Francesco: come ho detto prima, io stesso faccio fatica ad inserire i brani in un genere e questa Catafalco viaggia su un binario ancora più particolare rispetto alle altre. Se mi chiedessero, da ascoltatore, il basso mi ricorda Lemmy, una chitarra sembra western, l’altra è quasi solo white noise mentre il main riff in tapping sarebbe metal, se non fosse per dove è posizionato. Batteria e voce hanno la loro personalità indipendente. La magia è che ne esce comunque un pezzo coerente.
Che poi è la dimostrazione che questo genere può vivere anche da noi e in italiano. O sbaglio?
Maurizio: assolutamente si. Non vedo elementi che possano indicare il contrario. Personalmente credo che potrebbe rivelarsi un territorio semi esplorato che può dare ancora qualcosa.

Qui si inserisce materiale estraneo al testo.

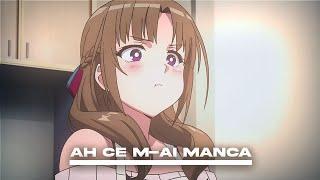 Mamako Oosuki edit | Ah ce m-ai manca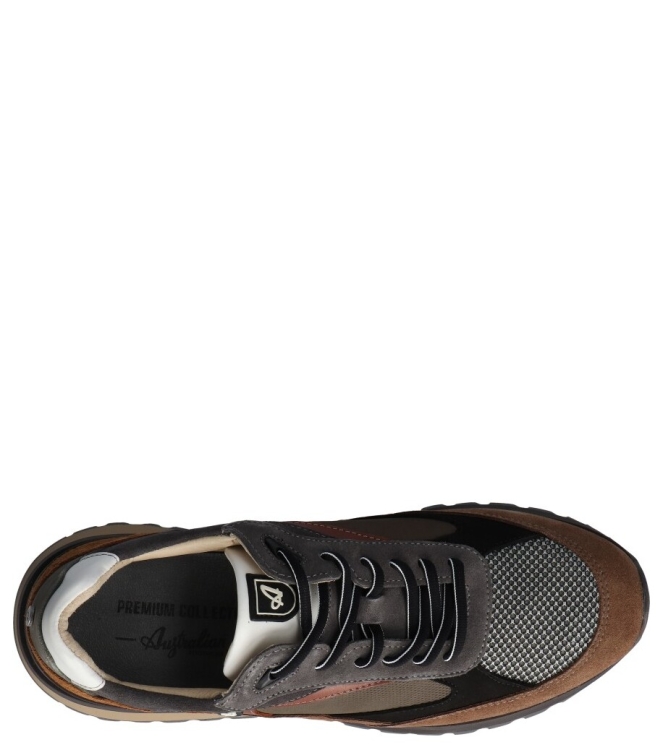 Australian sneaker <span>15.1700.01 L58 Sparrow</span> 15.1700.01 L58 Sparrow beige - www.bremmerschoenen.info - Bremmer Schoenen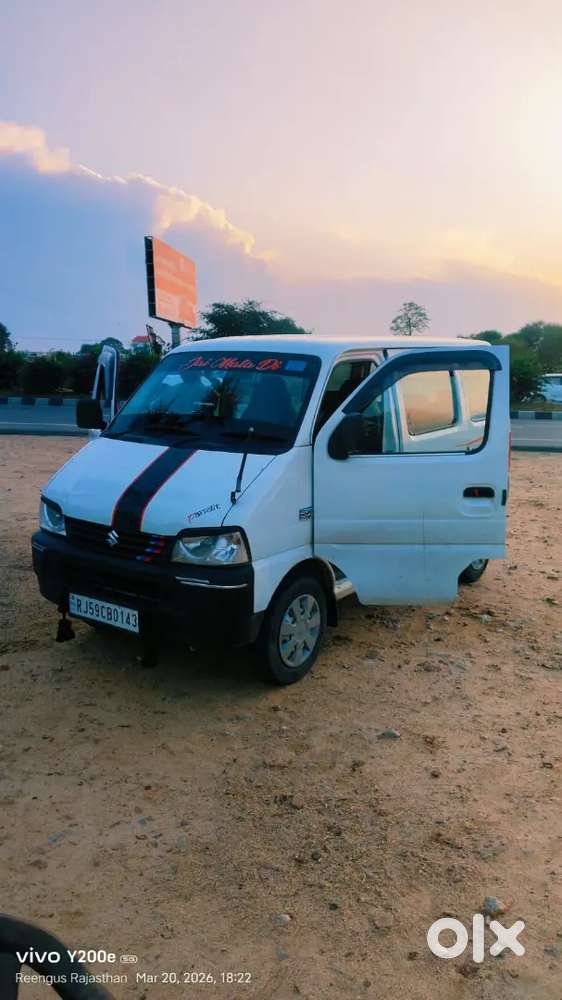 Maruti Suzuki Eeco 2025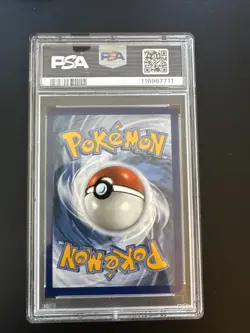 2024 POKEMON PAF EN-PALDEAN FATES SHINY ULTRA RARE #217 GARDEVOIR EX PSA 8.5 - Image 2
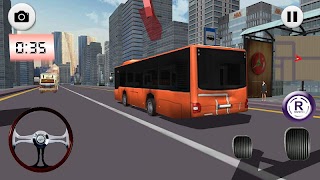 Bus Simulator 2018 ảnh chụp màn hình 7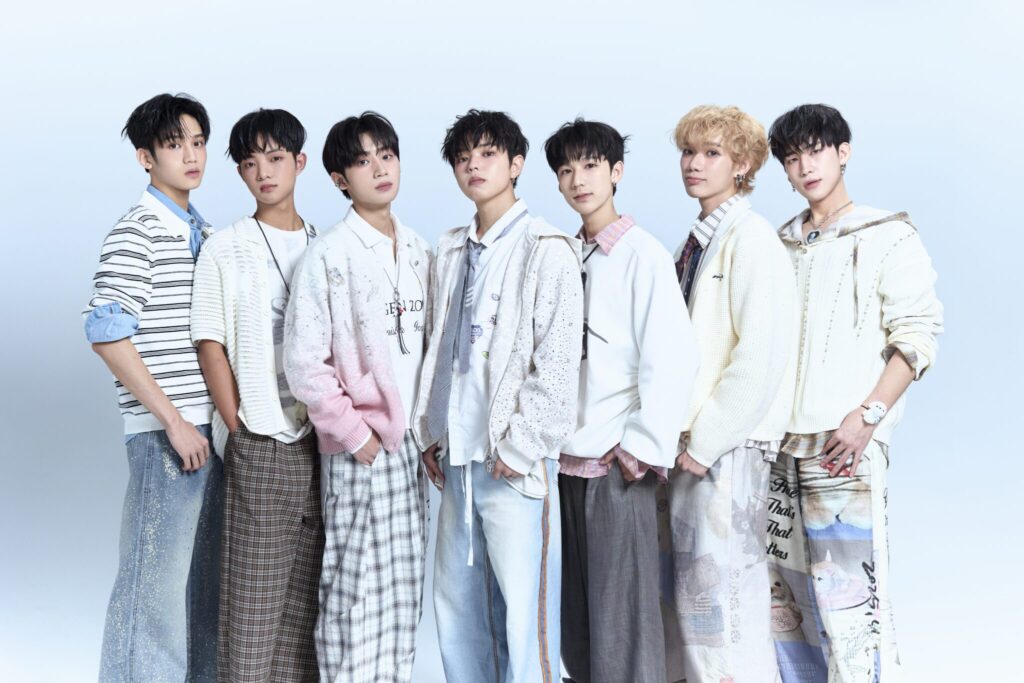 《原子少年2》冠軍團F.F.O出道滿周年!12月開唱送粉絲新歌 加藤琉士被讚「像哥哥」 《原子少年2》冠軍團F.F.O出道滿周年!12月開唱送粉絲新歌 加藤琉士被讚「像哥哥」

Francesco: non è certo compito mio stabilire chi può vivere e chi no. Si tratta di esperienze e di gusto personale. A volte però si bolla come “provinciale” un italiano che canta in inglese senza rendersi conto che cantare rock con pronuncia inglesizzata è ancora peggio. Non è certo questo il caso, ovviamente.

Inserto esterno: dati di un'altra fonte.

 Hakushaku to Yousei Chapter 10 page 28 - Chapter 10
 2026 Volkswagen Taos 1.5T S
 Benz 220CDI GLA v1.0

E questo mix che vuole la voce indietro decisamente al limite di intelligibilità?
Maurizio: l’intenzione era quella di creare un fronte coeso della resa del brano come per tutto l’album. Non tanto che un elemento fungesse da ariete, ma che tutti gli aspetti contribuiscano al risultato finale.
Francesco: confermo che c’è stata una precisa richiesta che la voce diventasse un elemento quasi musicale senza prevalere sugli altri anche per non sacrificare gli altri elementi che si muovono con lei. Siamo al limite, ma ci piace così.
Bello il video a cura di Frank Burgess. Siamo alla fine di ogni ragione? Conviene lasciarlo questo mondo? “simulazioni che insegnano – generazioni che non pesano”?
Maurizio: Frank è un grandissimo amico. Oltre ad essere un grandissimo musicista è un grandissimo animatore e assegnargli il lavoro è stata questione di una telefonata. Frank ha curato l’animazione della sceneggiatura che ho scritto e sicuramente ha riportato un’atmosfera che secondo me si abbina bene e calza il clima generale del pezzo. Non so se convenga lasciarlo o meno questo mondo e non so nemmeno se siamo alla fine di ogni ragione. Il videoclip tratta del mito del Viaggio e in particolare rappresenta gli attimi che vanno dalla decisione di partire alla partenza vera e propria. Si sofferma sulla preparazione di quest’ultimo, sull’entusiasmo che porta con se ogni partenza o quantomeno i posti sconosciuti, ed infine la partenza vera e propria. L’accenno alle “simulazioni” e “generazioni” sono il bagaglio iniziale che ognuno ha. Abbiamo scelto il viaggio interstellare perché, chi non vorrebbe partire con uno starfighter?